### EXERCISE DIRECTIONS
Using the data below, print exactly the line with "3D Kuru Kafa Anahtarlık - Beyaz - Resim 8", the line with "Kristal Elmas Masa", and every line between them, but none of the pictures.

### EXERCISE INPUTS
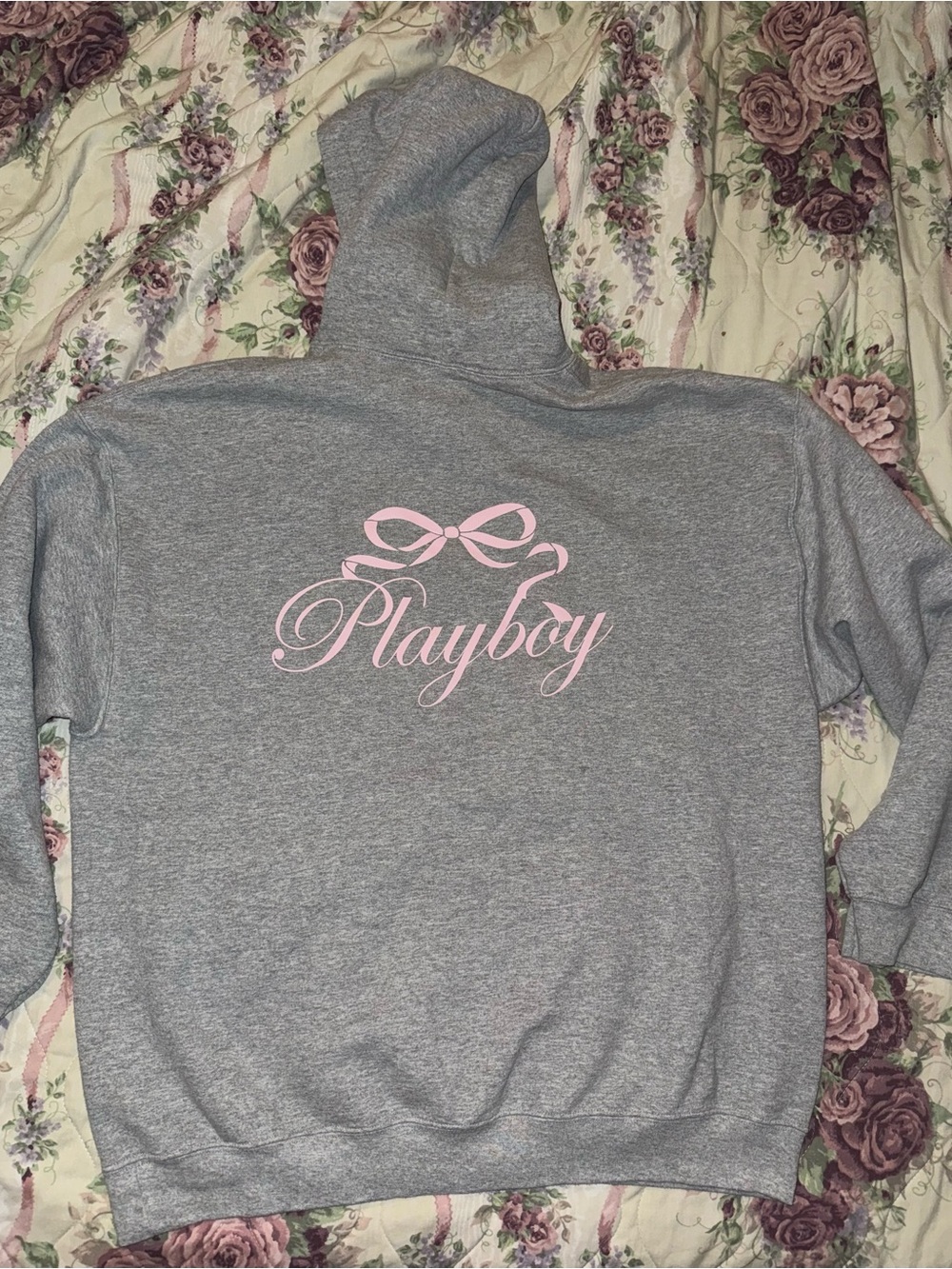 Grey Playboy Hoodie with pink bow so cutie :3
--
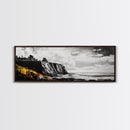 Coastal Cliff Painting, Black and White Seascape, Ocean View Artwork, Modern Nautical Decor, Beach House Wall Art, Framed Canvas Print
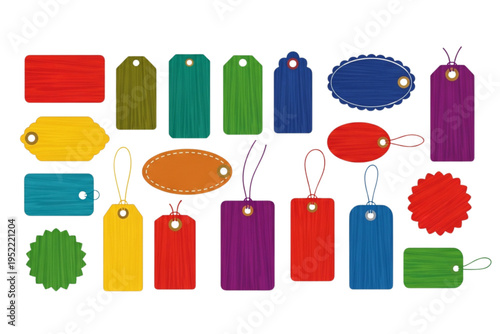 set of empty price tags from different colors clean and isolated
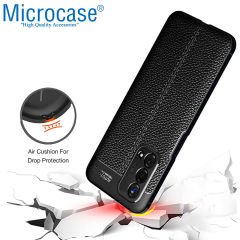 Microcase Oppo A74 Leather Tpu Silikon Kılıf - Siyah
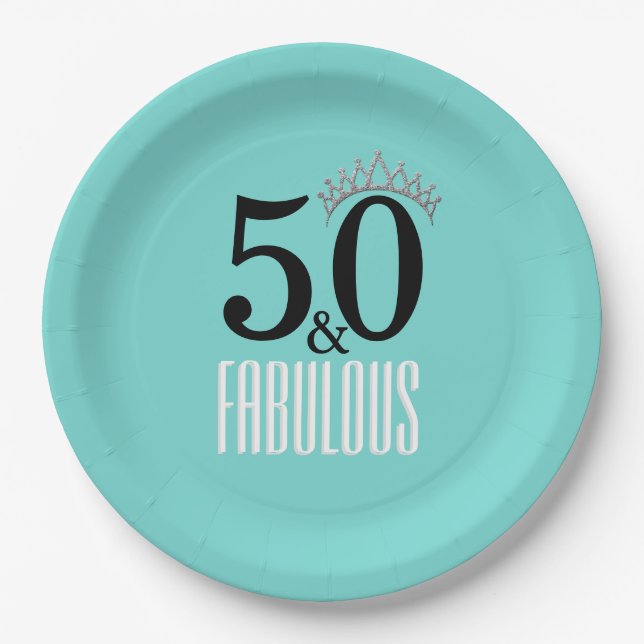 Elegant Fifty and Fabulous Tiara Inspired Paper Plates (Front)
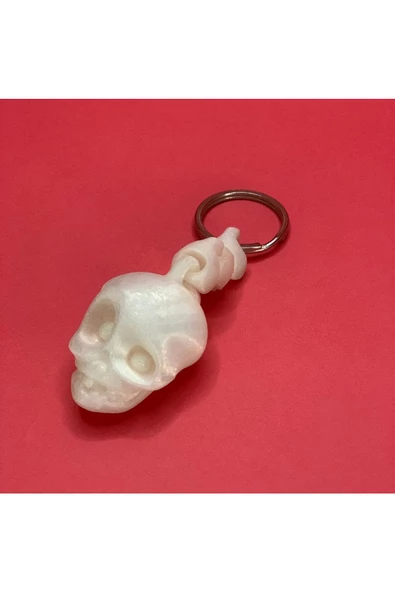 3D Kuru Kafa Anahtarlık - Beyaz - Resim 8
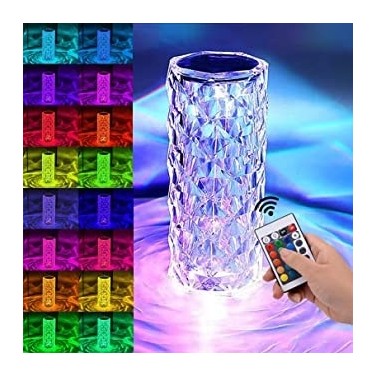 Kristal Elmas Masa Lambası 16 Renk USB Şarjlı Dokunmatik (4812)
---
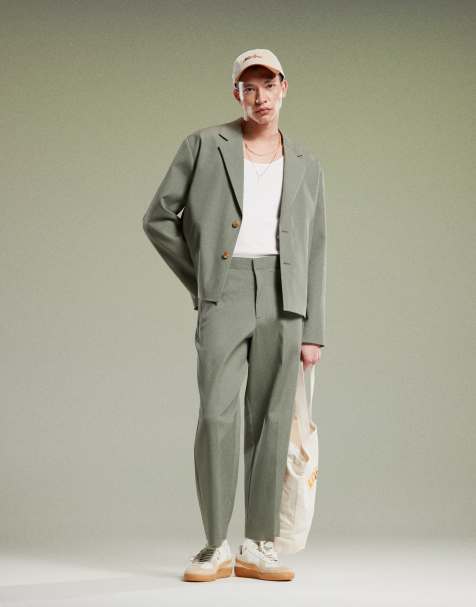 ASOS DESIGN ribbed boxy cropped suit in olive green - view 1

### YOUR RESPONSE
 3D Kuru Kafa Anahtarlık - Beyaz - Resim 8
 Kristal Elmas Masa Lambası 16 Renk USB Şarjlı Dokunmatik (4812)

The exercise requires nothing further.